§ EXERCISE
Restate word for word only the lines running from the one with "банановые чипсы калорийность" to the end of the data, both ends included. Omit any pictures.

**** MATERIAL FOR THIS TASK ****

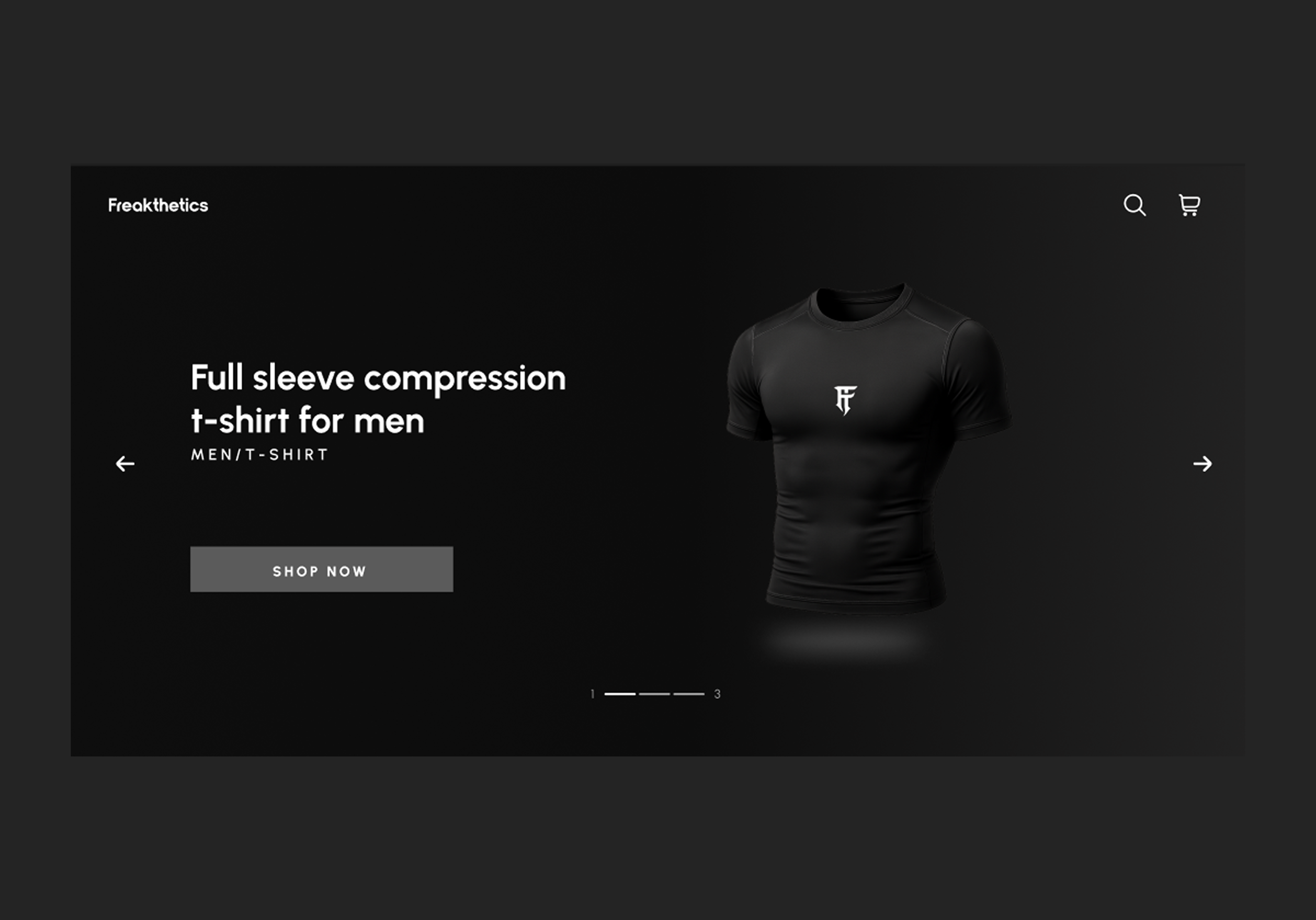 Athletic Wear Product Page UI darkthemeui ecommerceui productpagedesign uiconcept uiuxdesign webdesign webinterfacedesign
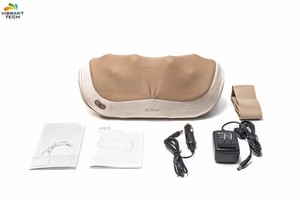 Coche adappter calor operado masaje viajes cuello almohada masajeador de espalda - Product Image 2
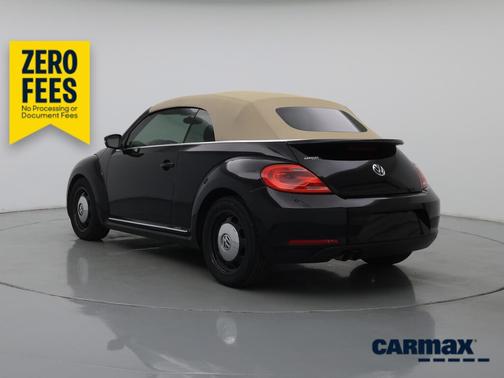 Black 2015 Volkswagen Beetle Classic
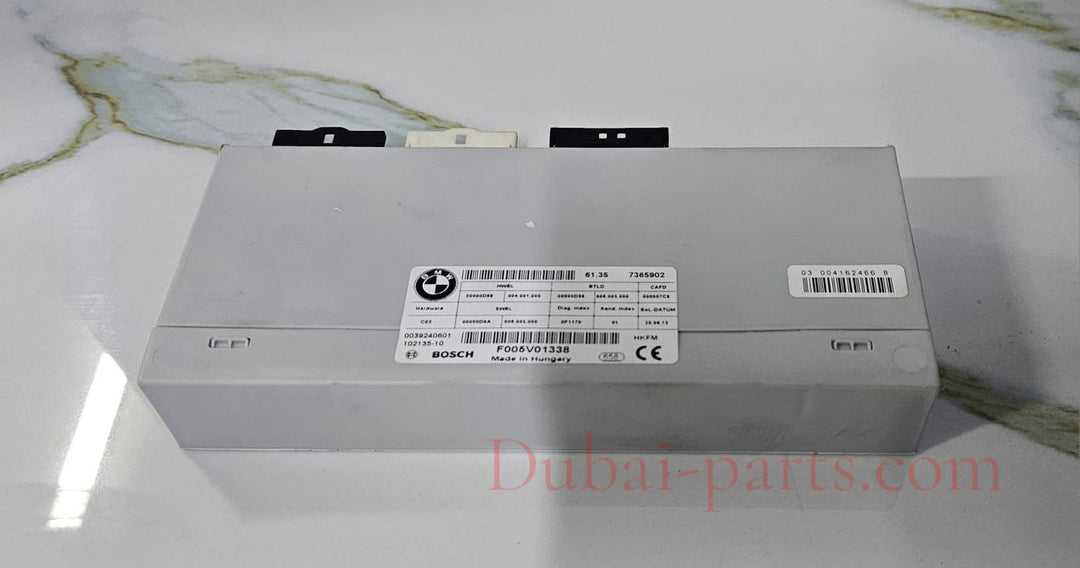 OEM BMW F01 F02 F10 F07 REAR TAILGATE LIFT TRUNK LID CONTROL MODULE 7365902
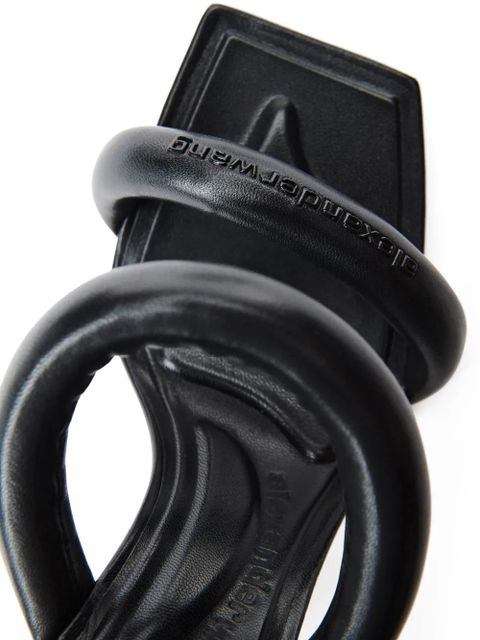 Alexander Wang Julie 105mm sandals - Black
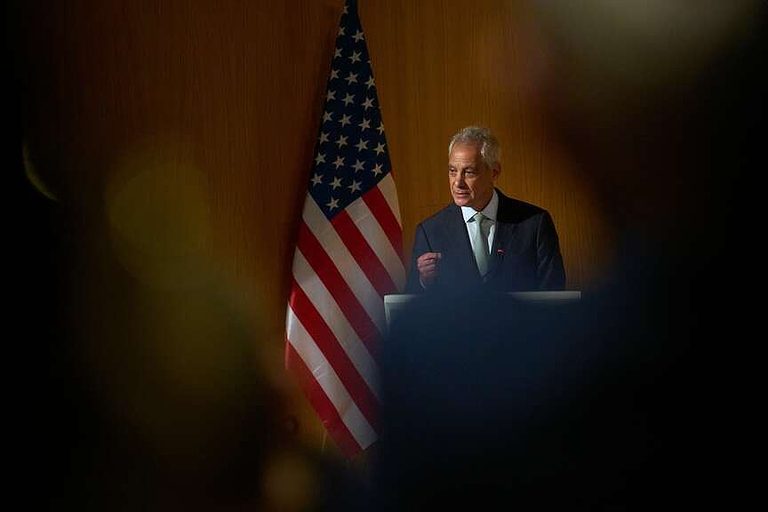 Rahm Emanuel Israel S Leadership Has Made It A Territorial Pariah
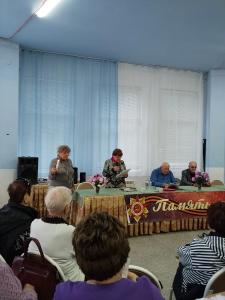 Увельский встречал преемников ветеранов ВОВ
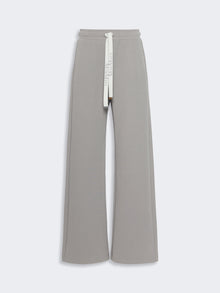 max mara double jersey wide-leg trousers for women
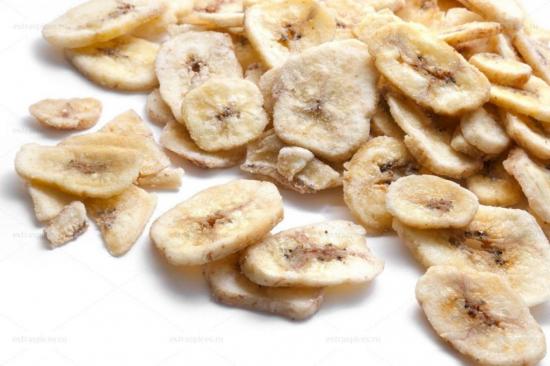 банановые чипсы калорийность
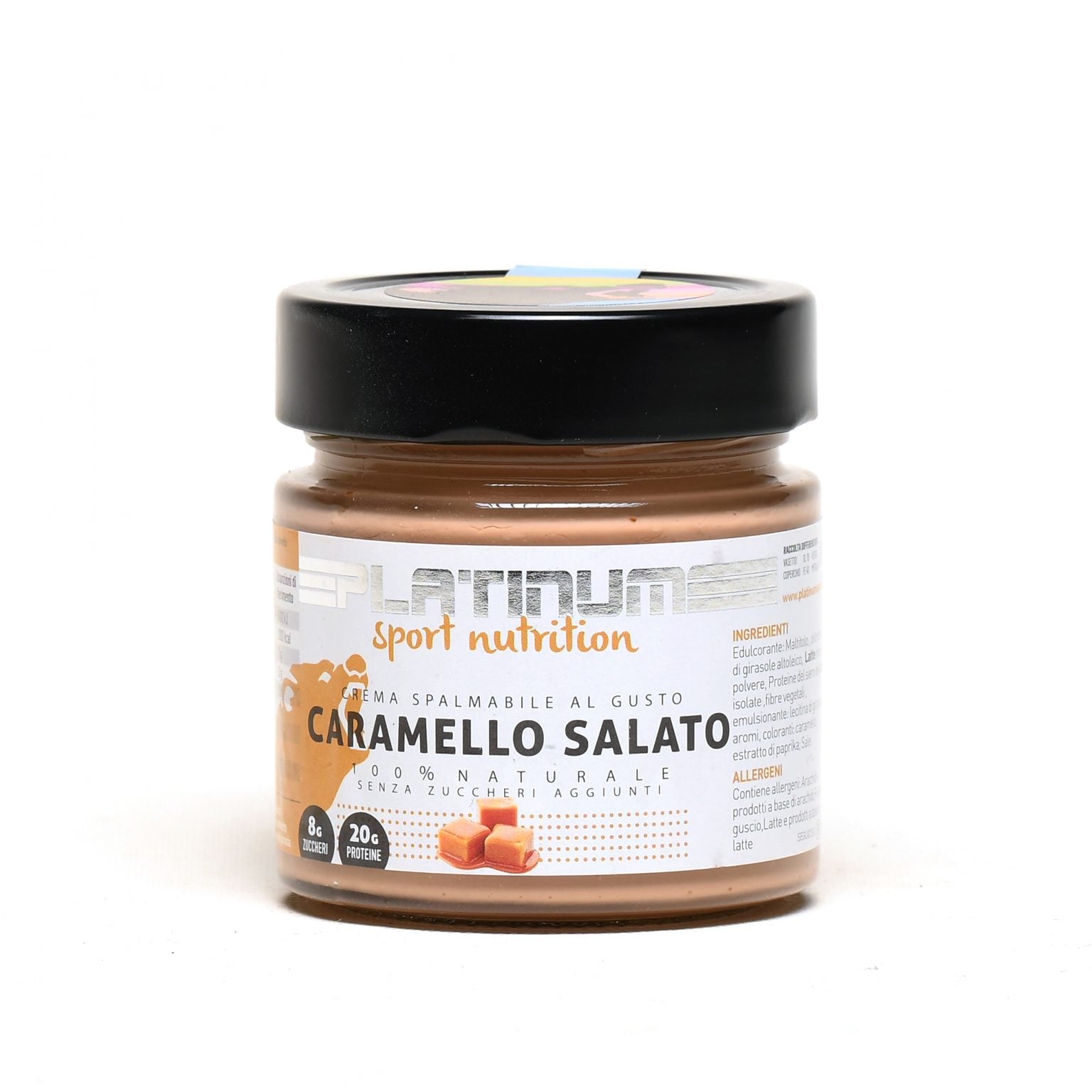 Platinum Sport Nutrition Crema Spalmabile Caramello Salato – 250g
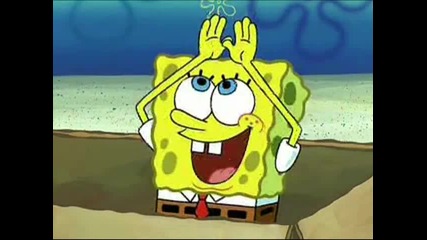 Spongebob sings The Double Rainbow Song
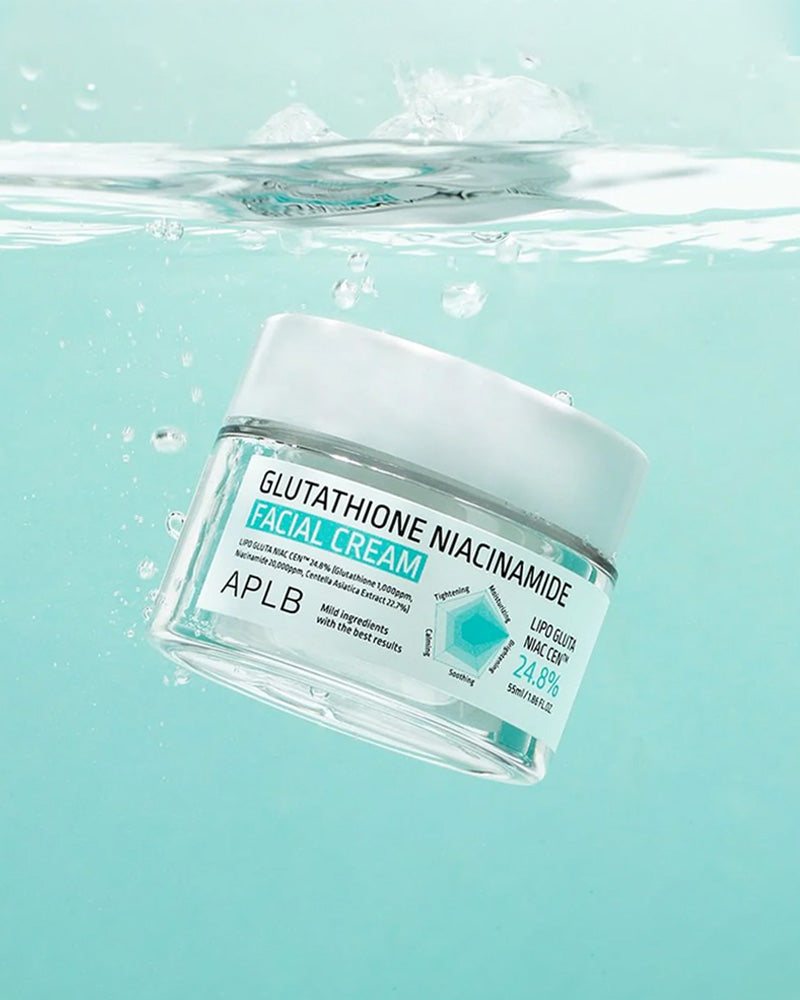 APLB Glutathione Niacinamide Facial Cream - 55ml APLB Glutathione Niacinamide Facial Cream - 55ml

****

§ ANSWER BOX
 банановые чипсы калорийность
 Platinum Sport Nutrition Crema Spalmabile Caramello Salato – 250g
 Spongebob sings The Double Rainbow Song
 APLB Glutathione Niacinamide Facial Cream - 55ml APLB Glutathione Niacinamide Facial Cream - 55ml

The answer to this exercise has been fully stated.